In order to shift to a more balanced energy mix, the CBI says the government needs to reduce the percentage of wind power expected by 2020 under the Renewables Strategy as well as speeding up the planning process by delivering the long-promised National Planning Statements, as well as pressing ahead with the regulatory frameworks for Carbon Capture and Storage (CCS) demonstration plants. Clear funding arrangements for CCS need to be in place by June 2010 and the timeline for new nuclear must not be allowed to slip, the CBI states.

Among other measures, the CBI is also calling on the government to accelerate investment in the grid, introduce measures to improve energy efficiency and set up a joint government-industry task force by September 2009 to explore whether an additional market mechanism is needed to incentivize low carbon generation.

The CBI commissioned McKinsey & Company to undertake the study of the UK electricity sector, ‘Decision Time: Driving the UK towards a sustainable energy future’ analysing demand and supply of both electricity and gas. The report considered the investment plans of energy firms based on existing government policy and an alternative ‘balanced’ pathway, where carbon targets are met cost-effectively and energy security is retained.

Without taking the recommended actions, the CBI says the UK risks an uncertain energy future based around intermittent wind power and ad hoc investments in gas-fired power stations, requiring large volumes of imported gas. While gas imports should not automatically be viewed as a problem, this would need large volumes of costly gas storage to be built and lock in another generation into using fossil fuel. According to the study, the cost of this approach is estimated at £125 billion -£173 billion (US$201 billion – $279 billion), and could lead to some of the highest and most volatile electricity prices in Europe.

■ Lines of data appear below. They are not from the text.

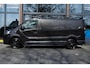 Renault Trafic bestel 1.6 dCi T29 L2H1 Comfort|Cruise|Trekhaak|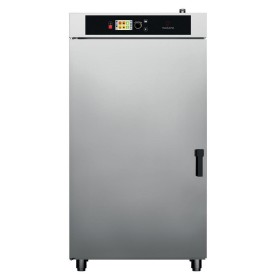 MODULINE - Four de remise en température 14 niveaux GN 2/1 avec écran tactile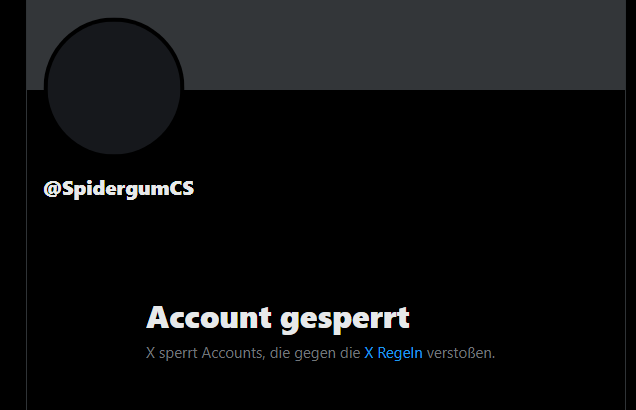 XCR_ 🐸 tweet media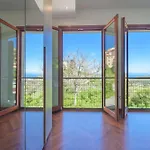 펜션 Casa Manes - Goelba *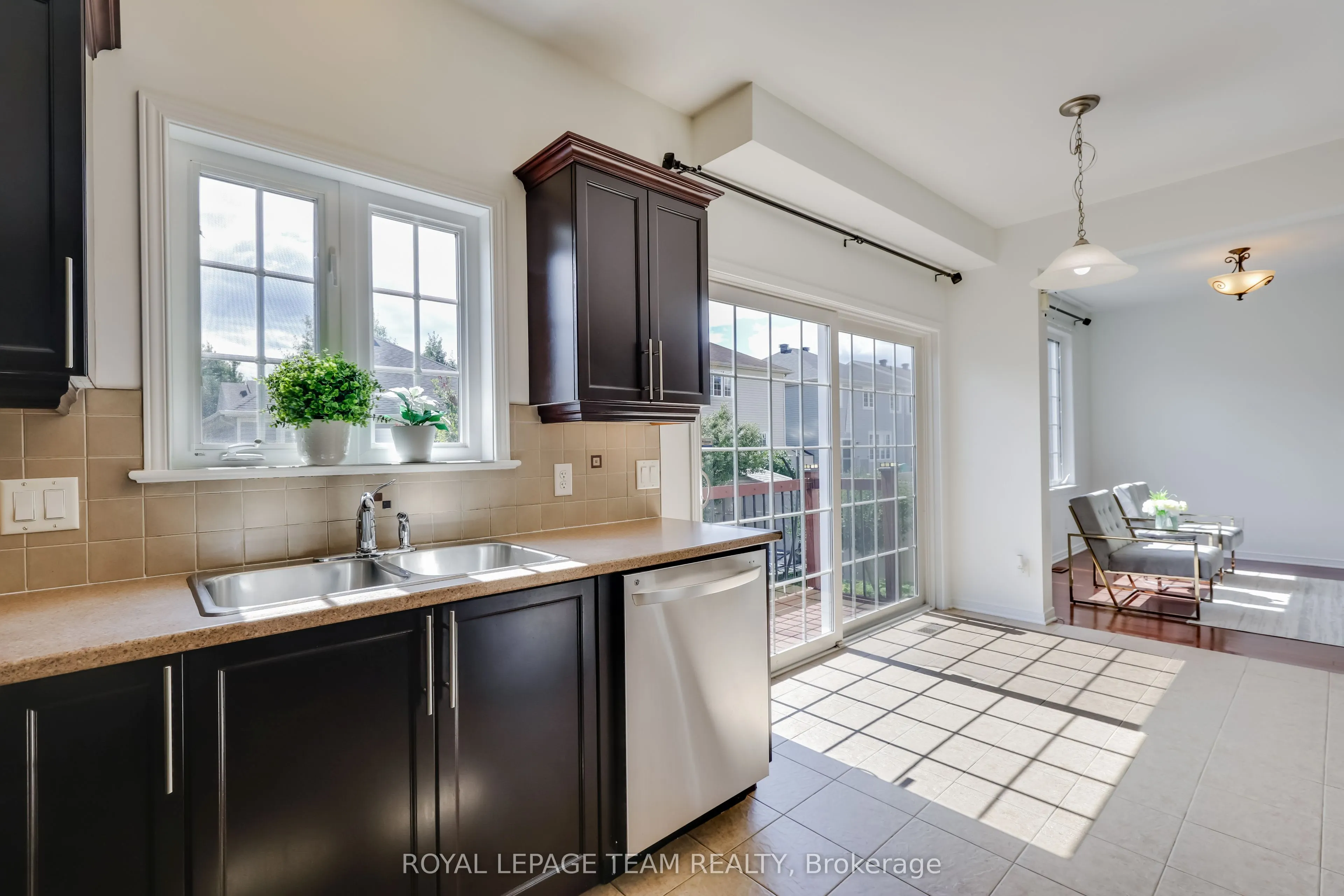 474 West Ridge Drive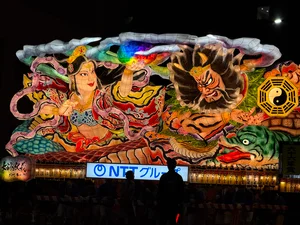 チャプター添付画像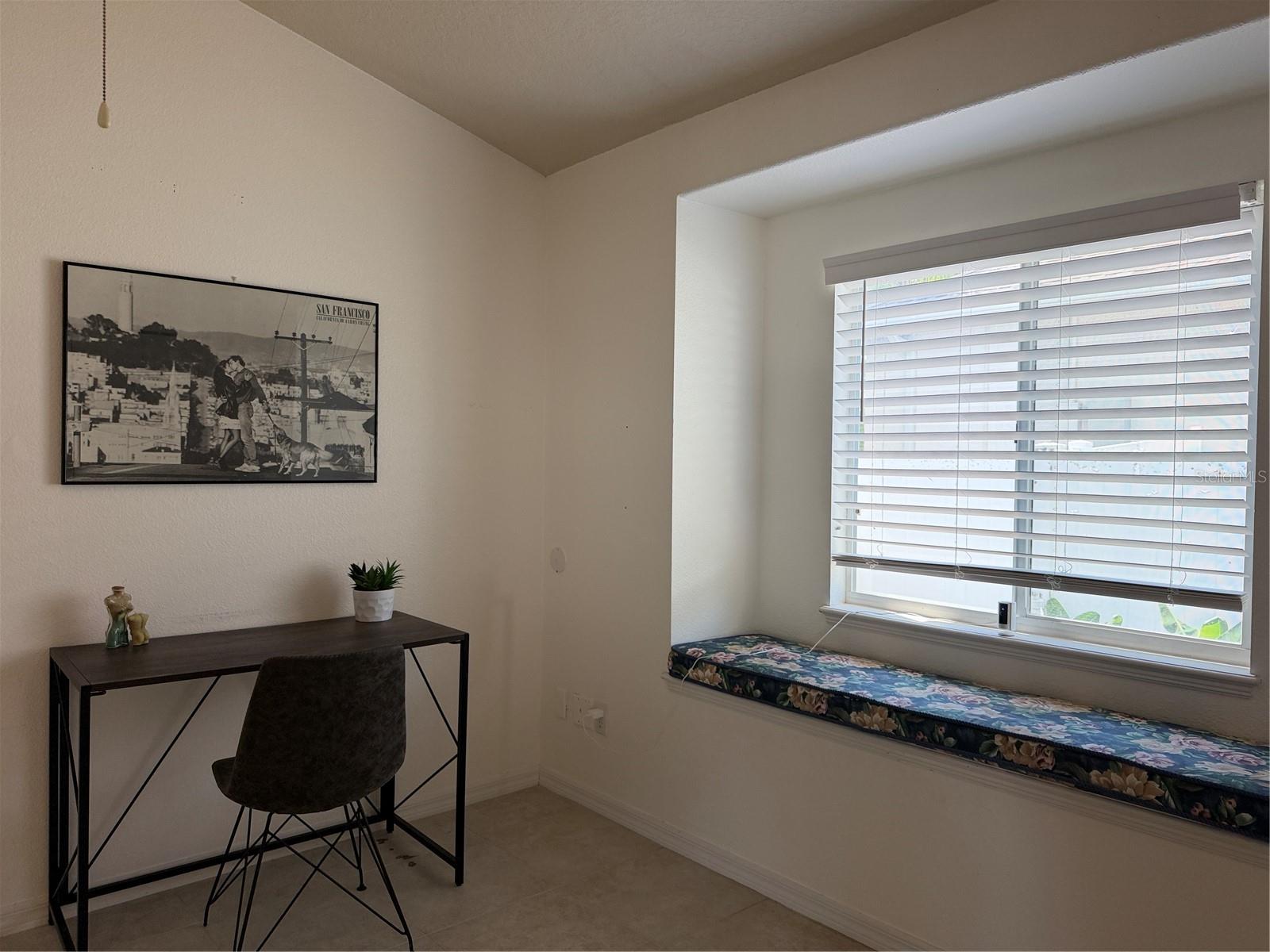 2311 OASIS DR — photo 50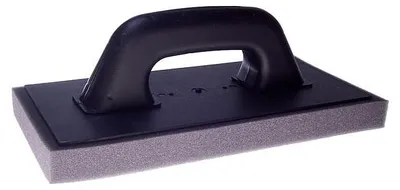 Obrázek produktu pro Paca Plastikowa 25Mm Z Gąbką Miękką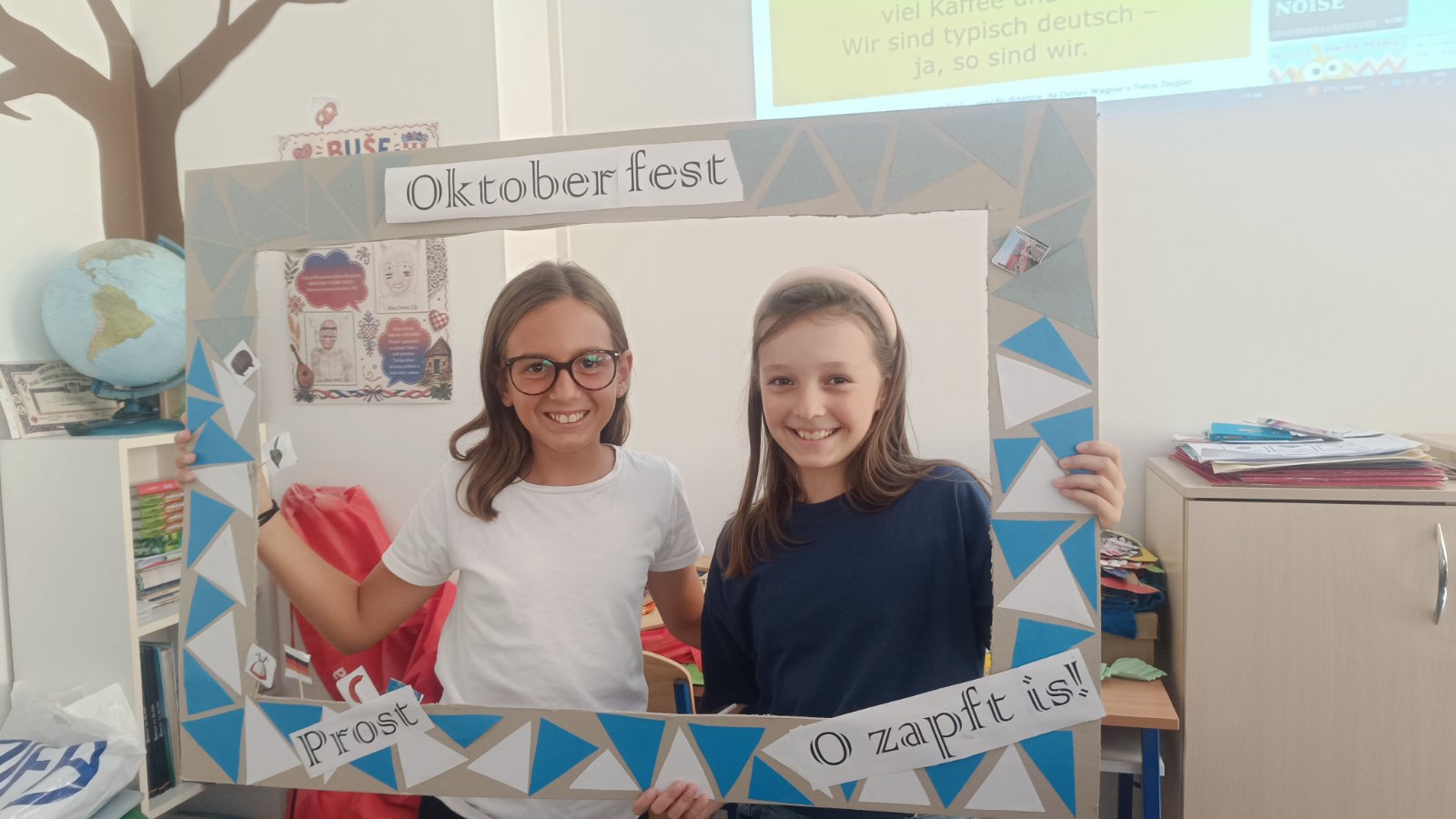 oktoberfest10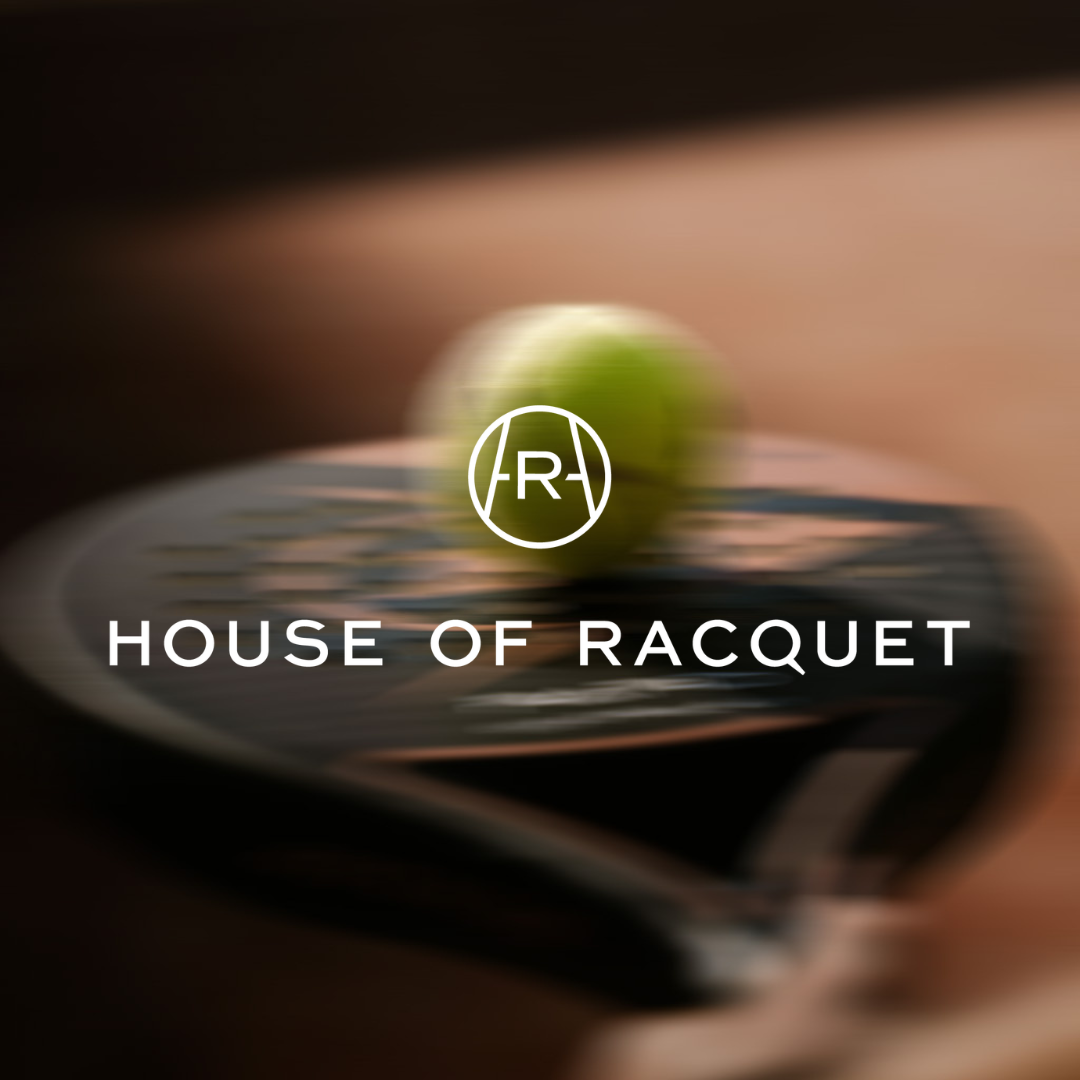 House of Racquet PR and Communications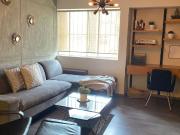 Departamento en renta en Villa Universitaria, Zapopan,...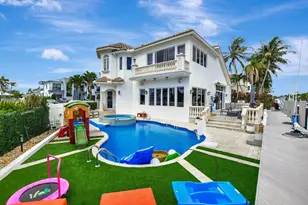 857 Havana Dr, Boca Raton, FL 33487 - Photo 35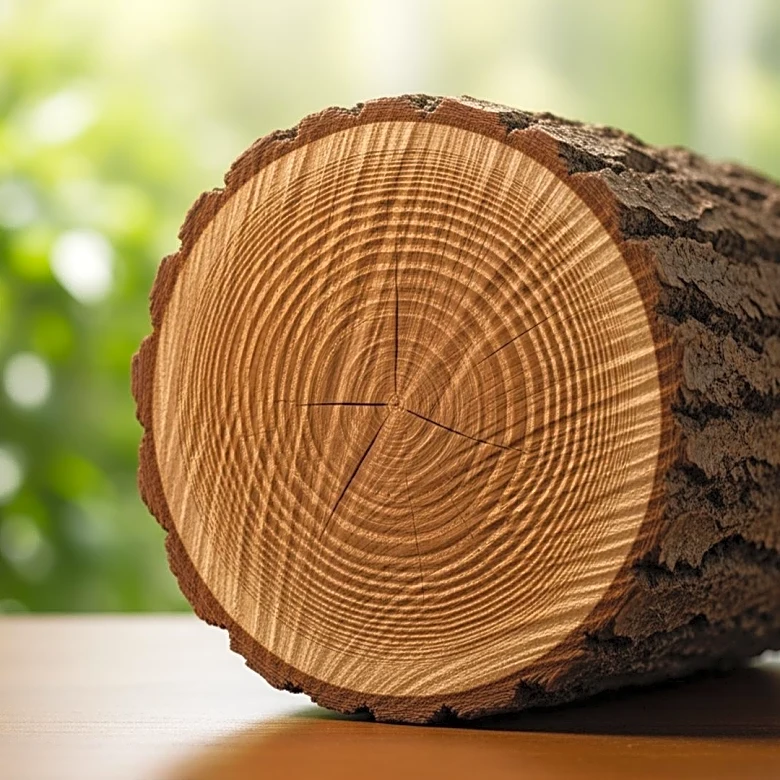 Royal Forestry Society Opens Entries for 2026 Awards Highlighting Woodland Excellence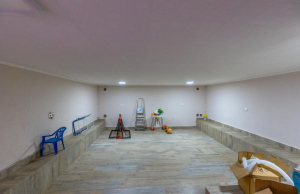 resale-quad-torrevieja-dona-ines-jardin-del-mar_158277_xl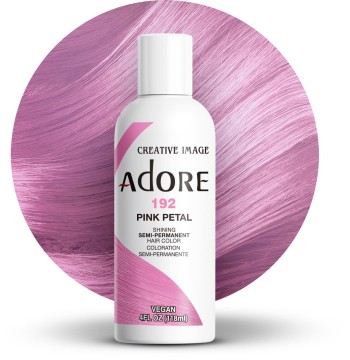 Adore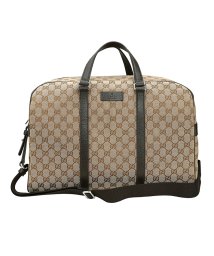 GUCCI/GUCCI グッチ ボストンバッグ 449167 KY9KN 9886/505369319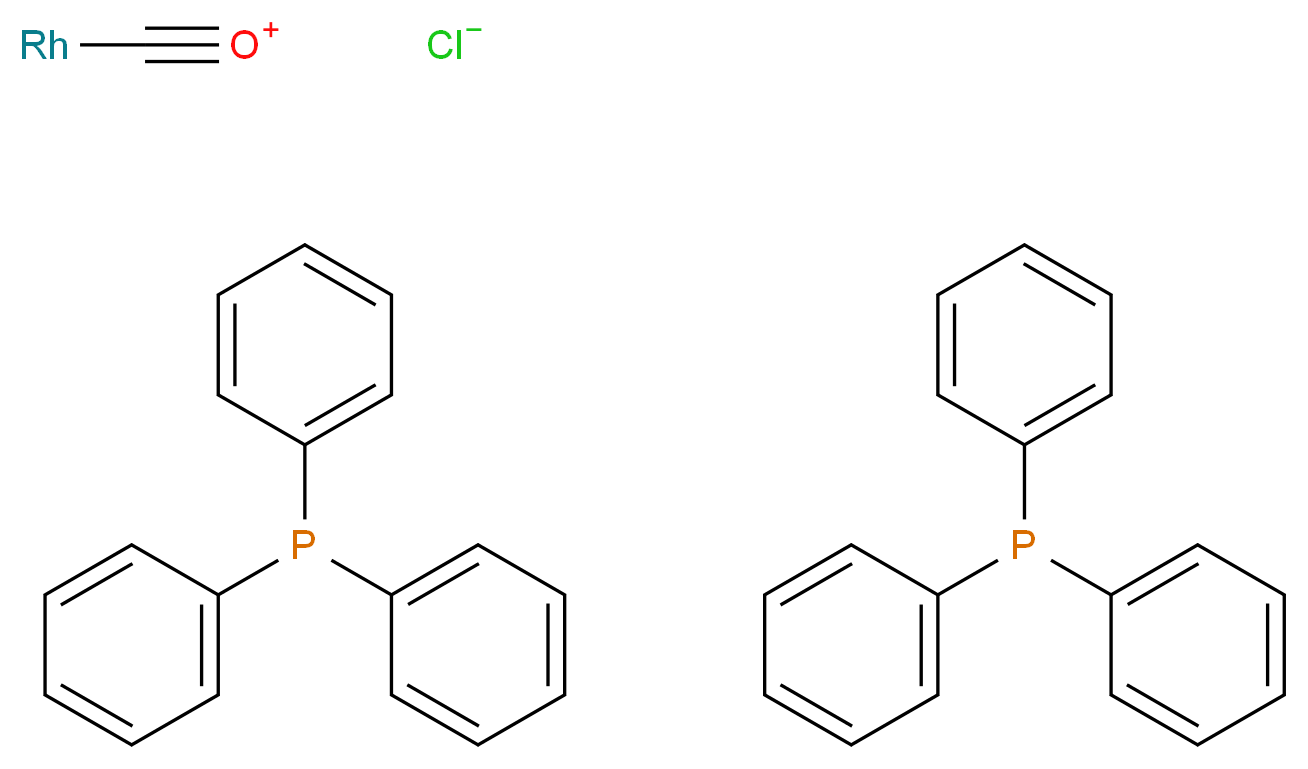 13938-94-8 分子结构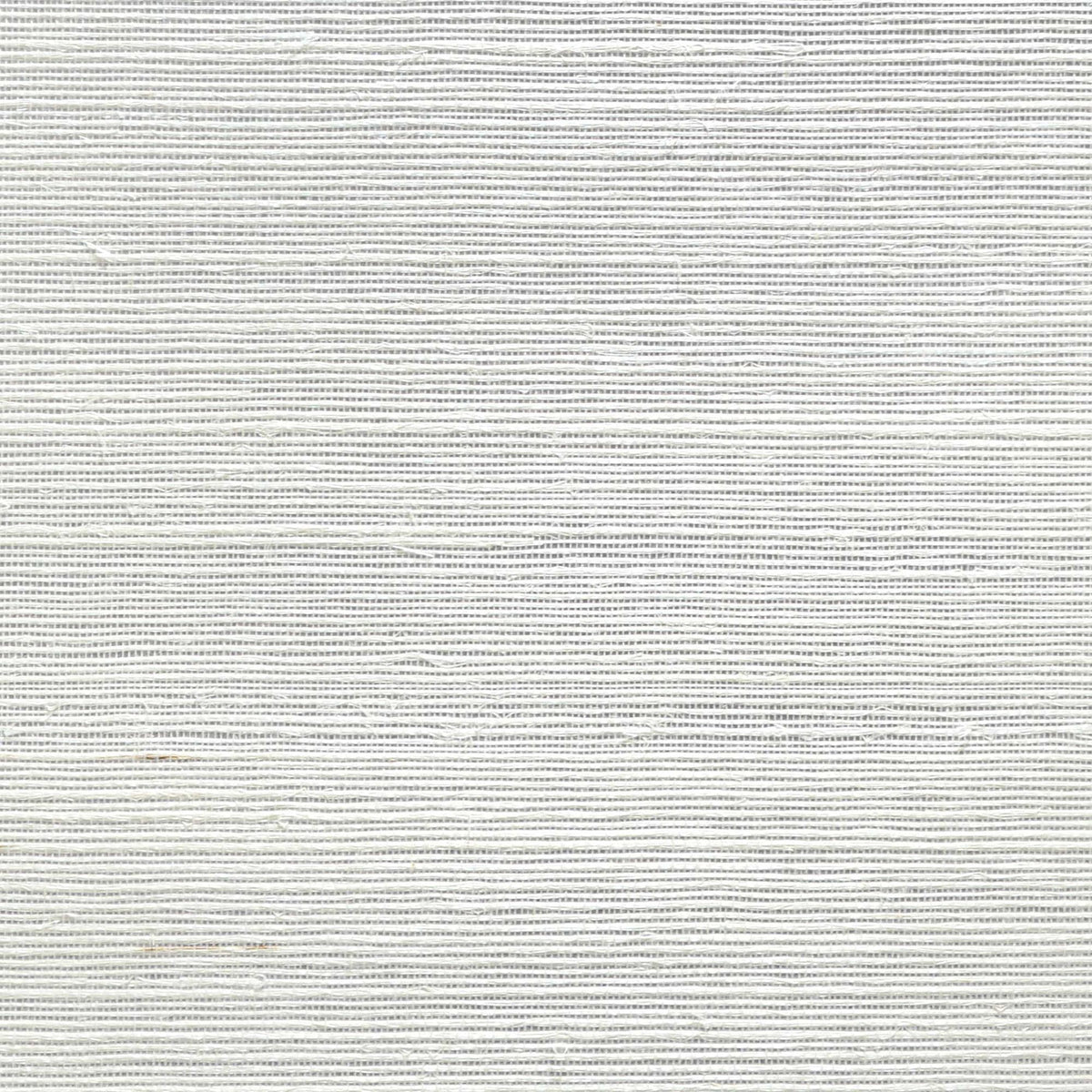 Silversmoke Sisal Grasscloth Unpasted Wallpaper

Assuming the target for renewable electricity for 2020 was reduced from 32% to 25%, allowing firms to pick a cost-effective mix of low-carbon technology and regulatory frameworks for nuclear and CCS plants were completed quickly allowing early investment, the CBI says that for the same level of investment, the country could reach 83% of electricity from ‘low-carbon’ sources including nuclear and clean coal, compared with 64% under a ‘business as usual’ model. Meanwhile, power sector emissions would halve by 2020 and halve again by 2030, getting the UK back on track with its longer-term carbon targets, the CBI says.

John Cridland, CBI deputy-director general, commented: “Large chunks of our energy infrastructure urgently need replacing, and we have tough climate change targets to meet. However, the government’s disjointed approach is deterring the private sector investment needed to get our energy system up to scratch, bolster security and cut emissions.” Cridland added: “While we have generous subsidies for wind power, we urgently need the national planning statements needed to build new nuclear plants. If we carry on like this we will end up putting too many of our energy eggs in one basket. But by moving government policy in a different direction we can achieve a good balance of wind, nuclear, gas and clean coal. With firms putting the finishing touches to their future investment plans, we need to act now if we are to achieve an energy system that is low-carbon, secure and sustainable.”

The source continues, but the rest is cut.